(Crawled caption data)
--- --- ---

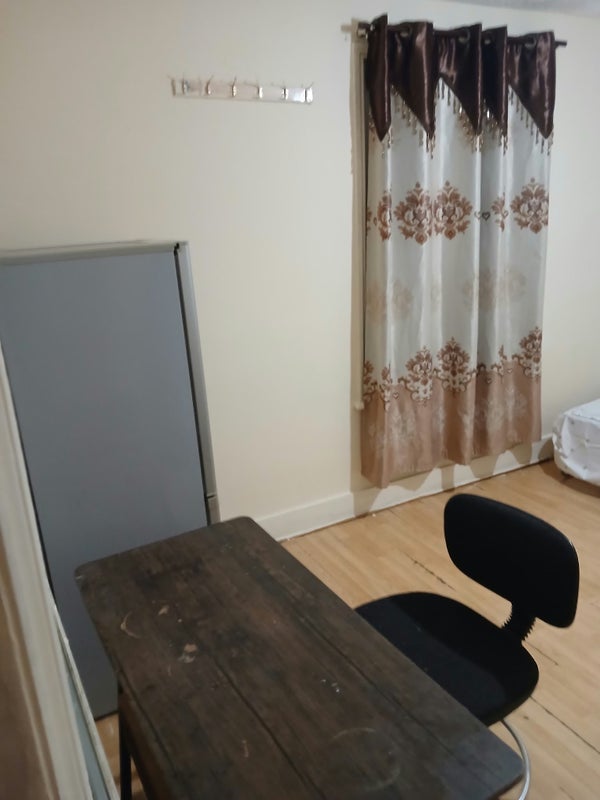 Room Kingsley Road in Greater London
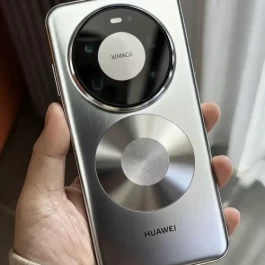 华为 Mate 80销量稳居高位，但这两个缺点，评论区几乎天天吵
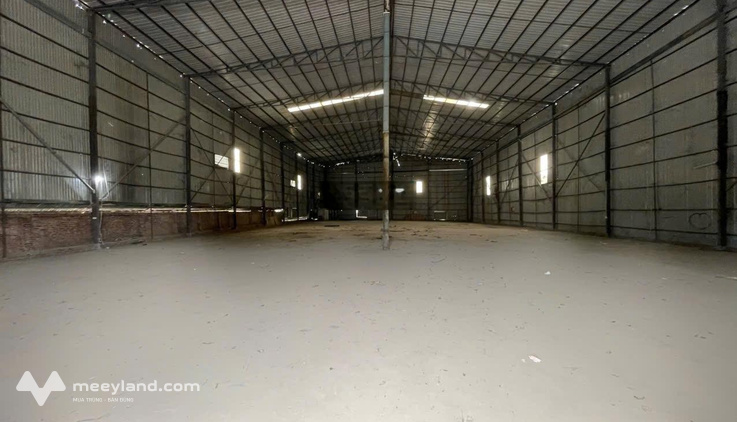 Cho thuê kho xưởng mặt đường 1600m2 tại xã Hoà Thạch, Quốc Oai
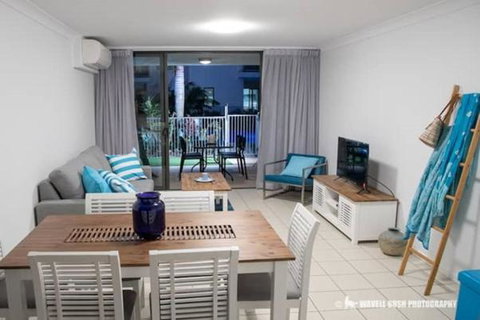 Sand Dunes Resort Stunning Beachfront Apartment - Surfers Gold Coast 3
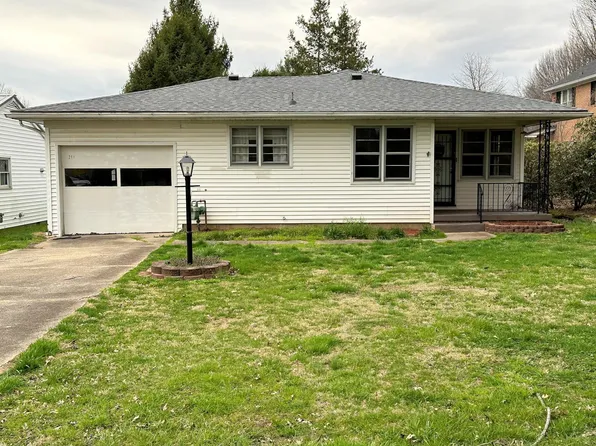 211 Delaware St, Ironton, OH 45638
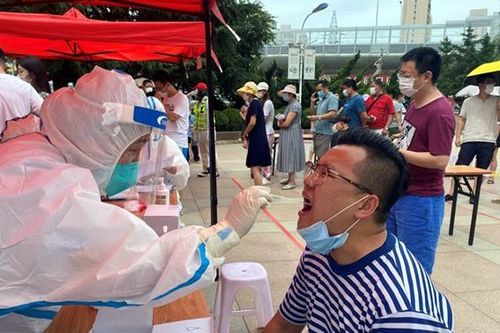 Covid-19 xuất hiện sau 111 ngày, thành phố Trung Quốc bước vào 'thời chiến'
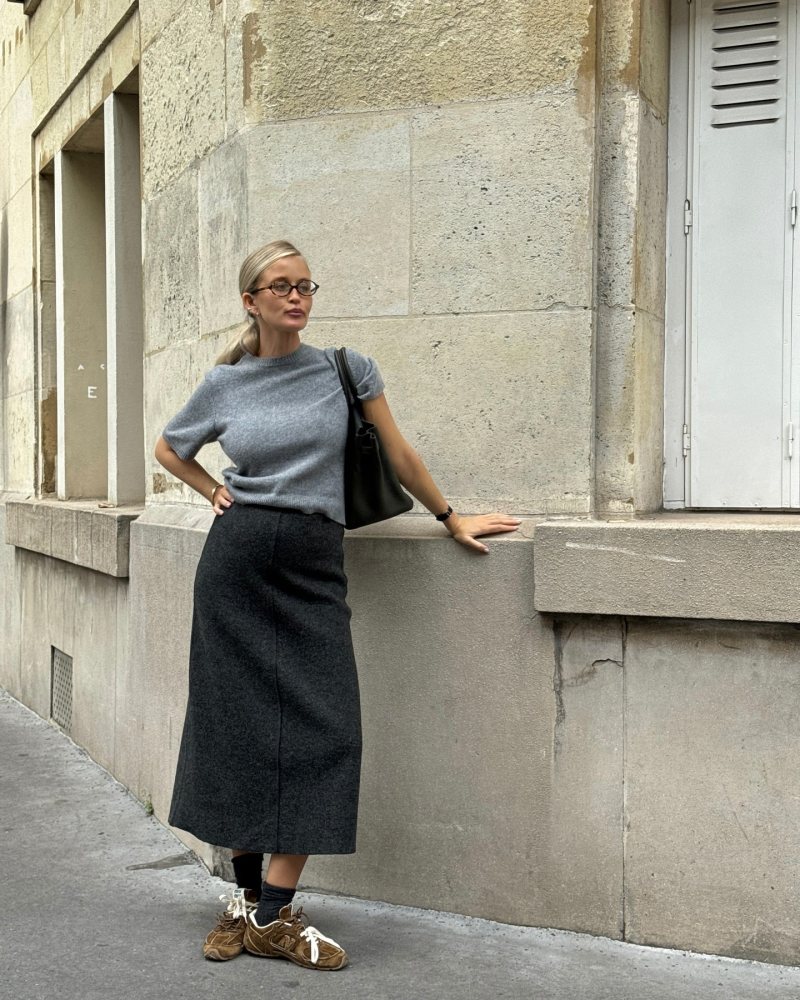 Massimo Dutti Long wool blend skirt, MIU MIU Miu Regard sunglasses, MIU MIU New Balance X Miu Miu 530 SL suede sneakers and HERMES Birkin Bag worn by Josefine Haaning Jensen | josefinehj's closet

--- --- ---

● **What you have to do**: Set down every entry word for word, but omit the pictures.

● **Answer**:
 Room Kingsley Road in Greater London
 华为 Mate 80销量稳居高位，但这两个缺点，评论区几乎天天吵
 Cho thuê kho xưởng mặt đường 1600m2 tại xã Hoà Thạch, Quốc Oai
 Sand Dunes Resort Stunning Beachfront Apartment - Surfers Gold Coast 3
 211 Delaware St, Ironton, OH 45638
 Covid-19 xuất hiện sau 111 ngày, thành phố Trung Quốc bước vào 'thời chiến'
 Massimo Dutti Long wool blend skirt, MIU MIU Miu Regard sunglasses, MIU MIU New Balance X Miu Miu 530 SL suede sneakers and HERMES Birkin Bag worn by Josefine Haaning Jensen | josefinehj's closet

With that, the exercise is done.